Но вопреки всем этим размышлениям и сетованиям, мы никогда не сможем сбросить иго рифмы, она существенна для французской поэзии. Наш язык допускает мало инверсий, наши стихи не терпят переноса, по крайней мере его можно позволить себе весьма редко; слоги в нашем языке не могут образовывать ощутимую гармонию своей долготой и краткостью, цезуры и определенного числа стоп было бы недостаточно для того, чтобы отличить стихотворение от прозы; рифма, следственно, необходима французским стихам. К тому же множество великих поэтов, писавших рифмованными стихами, такие, как Корнель, Расин, Депрео, настолько приучили наш слух к этой гармонии, что мы не смогли бы выносить стихи другого рода и, повторяю, на всякого, кто захотел бы избавиться от бремени, которое нес великий Корнель, по праву посмотрели бы не как на отважного гения, прокладывающего новую дорогу, а как на человека слишком слабого, чтобы идти по старому пути.

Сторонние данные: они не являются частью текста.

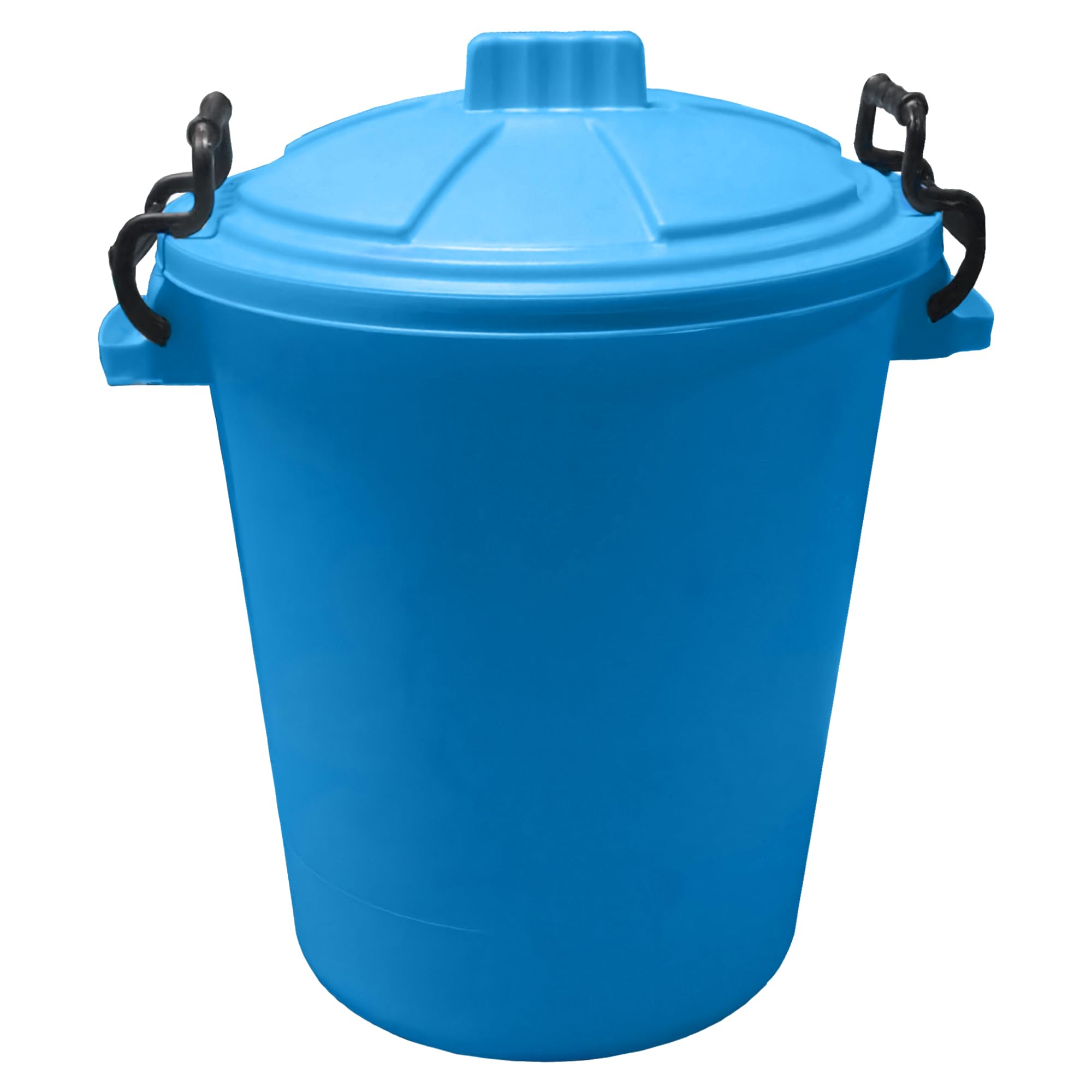 KetoPlastics Medium Plastic Coloured Bin Waterproof Rodent Proof Ideal for Outdoors Garden Animal Feed and Storage with Locking Lid 50L, Light Blue Feed Bin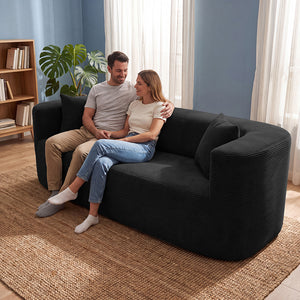 Sofá Solace Xpand Tech a Vácuo Velourê Cama inBox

У нас пытались в свое время представлять трагедии в прозе[366], но я не думаю, чтобы ныне такое начинание могло увенчаться успехом – кто обладает большим, не станет довольствоваться меньшим. Никогда не встретит хорошего приема тот, кто объявит публике: «Я намерен уменьшить ваше удовольствие». Если бы среди картин Рубенса или Паоло Веронезе кто-нибудь поместил свои карандашные рисунки, разве не напрасно равнял бы он себя с этими художниками? На празднествах в обычае танцевать и петь; разве было бы довольно вместо этого ходить и говорить под тем предлогом, что ходили бы и говорили хорошо и что это было бы легче и естественнее?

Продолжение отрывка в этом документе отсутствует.